Um die letzte Frage zu beantworten, hilft ein Blick auf die Gehaltsportale im Internet, wo vergleichbare Jobs und die dazu gehörigen Gehaltsangaben genannt werden. Auch dazu raten Experten: den eigenen Marktwert einmal mit einer Bewerbung bei einem anderen Unternehmen testen.

Vor dem Einstieg ins Gespräch heißt es dann: verhandeln üben, wo immer es geht. "Zum Beispiel mit dem Verkäufer, wenn gerade eine größere Anschaffung ansteht", sagt Personalberaterin Mailänder. "Oder in einer Gehaltsverhandlung mit einem Freund." Dieser werde ausdrücklich dazu aufgefordert zu widersprechen: "So wird die eigene Kritikfähigkeit und Argumentationsstärke trainiert."

Im Gehaltsgespräch sollte der Mitarbeiter keine Gehaltsspanne, sondern einen Betrag nennen, sagt Henrike Göhl.
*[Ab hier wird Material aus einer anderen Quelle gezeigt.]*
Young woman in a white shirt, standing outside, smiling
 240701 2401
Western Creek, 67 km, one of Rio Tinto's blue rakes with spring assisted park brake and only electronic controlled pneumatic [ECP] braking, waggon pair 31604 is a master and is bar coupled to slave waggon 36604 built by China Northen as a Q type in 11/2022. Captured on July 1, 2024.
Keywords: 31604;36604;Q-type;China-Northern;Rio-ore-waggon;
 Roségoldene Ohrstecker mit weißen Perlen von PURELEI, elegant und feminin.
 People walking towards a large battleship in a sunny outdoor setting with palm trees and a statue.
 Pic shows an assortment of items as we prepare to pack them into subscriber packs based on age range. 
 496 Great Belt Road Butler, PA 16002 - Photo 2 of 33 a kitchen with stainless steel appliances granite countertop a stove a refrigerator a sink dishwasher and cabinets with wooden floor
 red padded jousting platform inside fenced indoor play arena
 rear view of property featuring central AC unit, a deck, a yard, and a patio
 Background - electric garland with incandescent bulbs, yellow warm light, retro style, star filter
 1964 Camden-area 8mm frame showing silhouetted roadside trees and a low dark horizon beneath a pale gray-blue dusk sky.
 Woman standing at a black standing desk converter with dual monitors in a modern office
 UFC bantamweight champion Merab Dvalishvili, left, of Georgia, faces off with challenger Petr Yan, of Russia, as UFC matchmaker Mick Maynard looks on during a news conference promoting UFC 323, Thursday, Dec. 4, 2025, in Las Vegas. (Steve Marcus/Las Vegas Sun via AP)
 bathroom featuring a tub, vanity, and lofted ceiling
Argumentiert der Vorgesetzte dagegen, habe der Angestellte im besten Fall noch eine Statistik in der Hinterhand. "Oder er regt an, dass der Vorgesetzte sich beim Teamleiter über seine Leistung erkundigt - wenn es so eine Position noch dazwischen gibt."

Das Gehalt von Kollegen als Referenz zu nennen, kommt indes nicht gut an: "Es geht doch um mich, nicht um den anderen", sagt Göhl. Außerdem dürfe in Großunternehmen meist nicht über das eigene Gehalt gesprochen werden. "Also würde man quasi einen Kollegen anschwärzen, wenn man dessen Gehalt in der Verhandlung nennt." Und auch das gehört zur guten Vorbereitung: zu wissen, welche Alternativen - Dienstwagen, Firmenlaptop, Weiterbildung - man akzeptieren würde.

Wer in der Verhandlung etwas erreicht hat, kann sich auf die Bestätigung des Arbeitgebers freuen. "Er ist verpflichtet, binnen eines Monats dem Arbeitnehmer schriftlich mitzuteilen, zu welchen Konditionen dieser künftig beschäftigt wird", erklärt Dr. Volker Bahnsen, Fachanwalt für Arbeitsrecht. "Das kann ein Zusatz zum Arbeitsvertrag sein, ist aber mitunter auch nur ein formloses Schreiben. Gültig ist beides."